Je voulais écrire un billet sur la décision du président afghan d’appuyer la loi que l’on sait et qui fait polémique en ce moment. Mon camarade et allié ZI l’a fait avec plus de talent que moi, aussi je vous renvoie vers son texte, tout en finesse et en intelligence : « Just don’t mess with the narrative… ».

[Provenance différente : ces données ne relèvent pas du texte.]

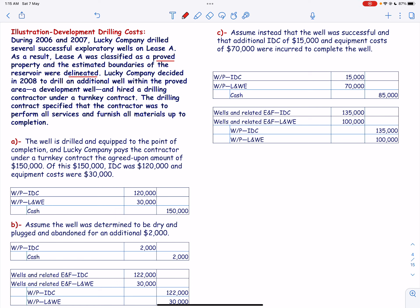The well is drilled and equipped to the point of completion. Lucky Company pays the contractor under the turnkey contract an agreed amount of $150,000, of which intangible drilling cost was $120,000 and equipment cost was $30,000. Intangible drilling cost and lease and well equipment are debited, and cash is credited.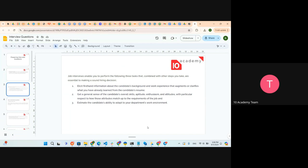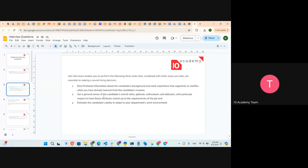Interviews enable you to achieve three things. The first is to elicit first-hand information about the candidate's background. The interviewer will ask about your background, what information you can share about yourself, and things like that — so they can gather first-hand information. And based on your first answer, they will also customize the next question.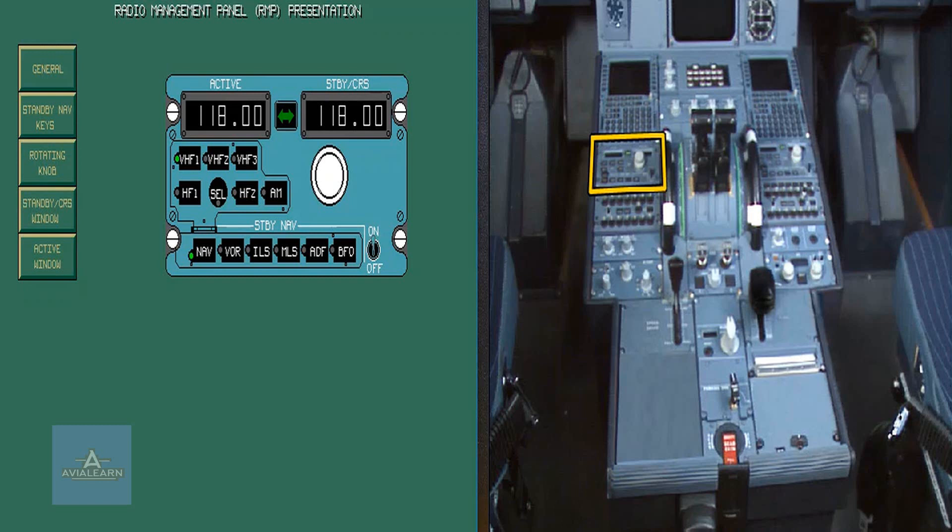The objective of this module is to understand the purpose and functions of the radio management panel related to the navigation system.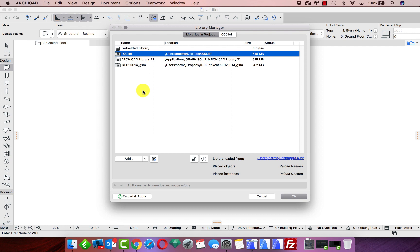ArchiCAD also works much faster when all our libraries are in a single LCF file rather than many different folders with lots of different objects. It's very easy to create something like that and very easy to import and export objects between ArchiCAD installations.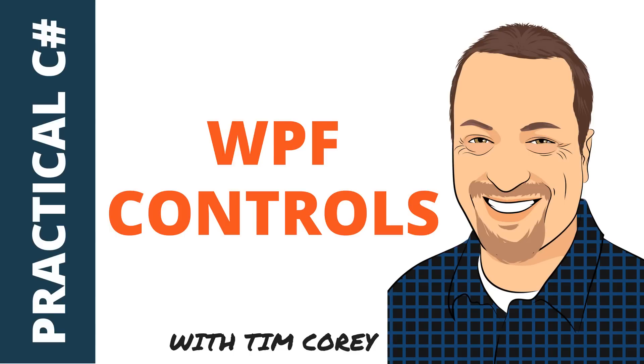Hello again. This is Tim Corey, and in this video, I'm going to go over some common controls in WPF. For this demo, I'll be using Visual Studio 2017, which you can get for free at visualstudio.com.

Je rajoute simplement que, en plus d’être moralement répugnante, cette législation est inepte sur le plan stratégique pour une autre raison, intérieure celle-ci, d’ailleurs bien connue et historiquement vérifiée : dans une guerre civile, et face à un adversaire révolutionnaire (c'est-à-dire qui prône le remplacement du pouvoir légal par un autre de nature différente en usant de la violence), adopter, même progressivement et par petites touches, le programme de l’ennemi équivaut à lui fournir, à plus ou moins long terme, la victoire sur un plateau. Bien loin de voir diminuer sa capacité d’attraction, l’idéologie révolutionnaire va au contraire pousser son avantage jusqu’à ce que le régime en place finisse par s’effondrer, sous ses propres contradictions et/ou son inutilité qu’il avoue pas à pas en faisant sien, et apparemment simplement pour conserver quelques bribes d’un pouvoir de plus en plus fantomatique, le projet de ceux qu’il prétend combattre…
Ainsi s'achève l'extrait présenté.